Day 18 turns into a major day for cake, courtesy of Hazel Massey and Judy Booker, who come up trumps on the home-made comestibles front. As if this weren’t enough, Philip Fellowes-Prynne of May Gurney, not content with providing tools, containers, fencing, machines and cherry picker, also shows up with some ace cake. The director is away from site, having been forced to return to Nottingham to move office. This may be part of a new policy of “aggressive desking” by the Department of Archaeology, designed to introduce a feeling of insecurity among its lecturing staff. Either way, his timing is poor as he misses a certain amount of baked produce, although Hazel L (who actually runs the project while the director walks around pointing at stuff) saves him a bit of Philip’s chocolate cake, while Dave G also delivers one of Hazel M’s chocolate cupcakes in a finds bag.

Anyway, enough of cake lest we turn into Test Match Special.

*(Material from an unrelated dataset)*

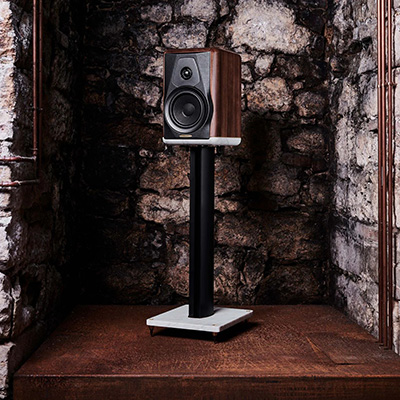 Sonus faber Electa Amator III intégrées dans un intérieur
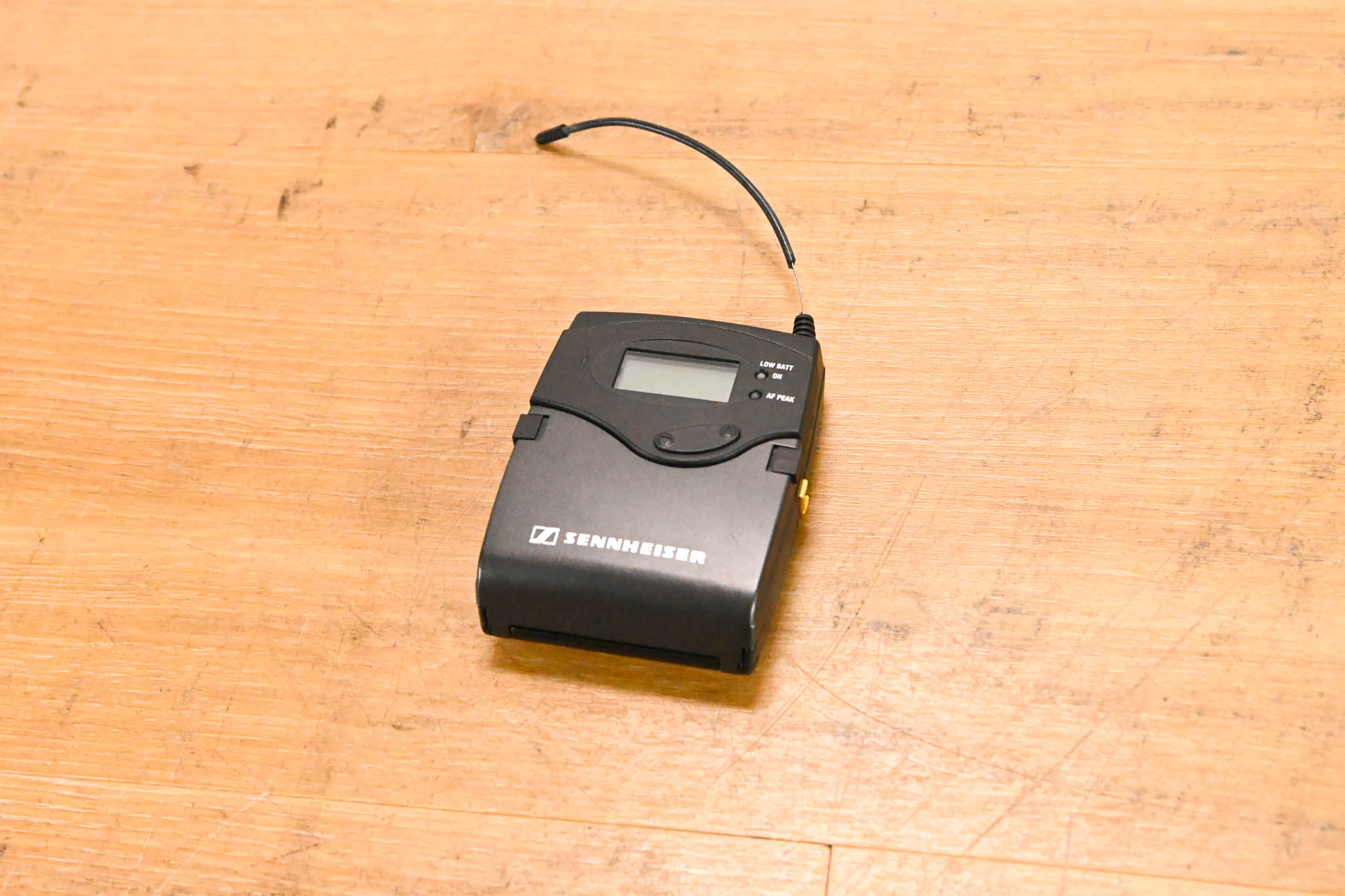 Sennheiser EM 2050 Wireless Receiver w/ one Beltpack - 516-558 MHz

On the archaeology front, the lovely pits in trench 2 are still yielding a certain amount of goodies if you’re into building rubble, chalk and clay. This particular lovely pit seems to have been dug and then backfilled with a big lump of masonry, which even the director’s overactive imagination is struggling to explain. The gullies revealed by the geophysics are proving stubbornly resistant to discovery despite repeated soaking and trowelling.

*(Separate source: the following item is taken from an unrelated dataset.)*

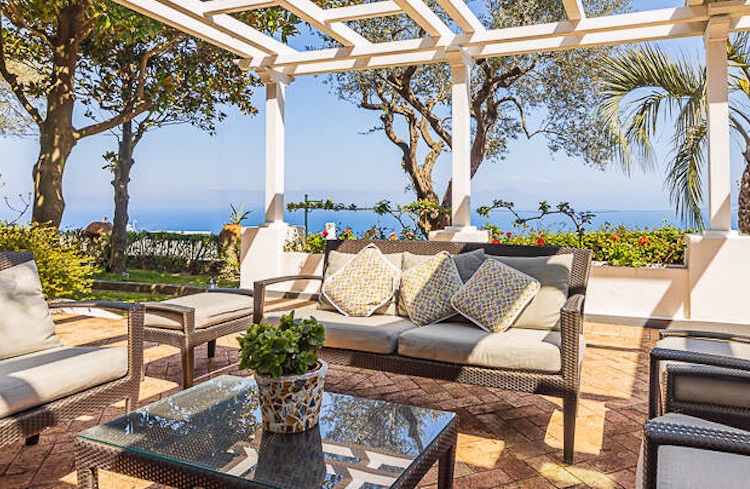 Uno degli splendidi terrazzi della villa di De Sica a Capri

Trench 1 is having a day off, allowing its diggers to escape the world of periglacial gravel and hope that someone spends the day sowing their site with gold chalices. The smug church trenchers continue to bring in Roman pot as if it’s going out of fashion. The Saxon pot, which we boasted about a couple of days ago, seems to have dried up a bit, and the pit full of mussel shell which was threatening to be Saxon seems to have turned into a late Roman ditch. This is a bit unfortunate as a Saxon pit would be decidedly more sexy (if one can apply such an adjective to a hole full of old mussel shells). Surprisingly, we seem to have hit natural at the bottom of the ditch, which is a bit of a result as we are supposed to finish at the end of the week. Thus far the huge masonry building picked up by the geophysics 10m to the west does not seem to extend into the trench, which is bad news for us but probably good news for the Church who would like to put their septic tank/soakaway in this location. But who knows? The answer, as ever, lies in the soil.

Excitingly, this is being uploaded live from site via Charlie’s dongle, which has obviously been the cause of some Frankie Howardesque tittering. Big hoorah for Charlie for the use of his dongle.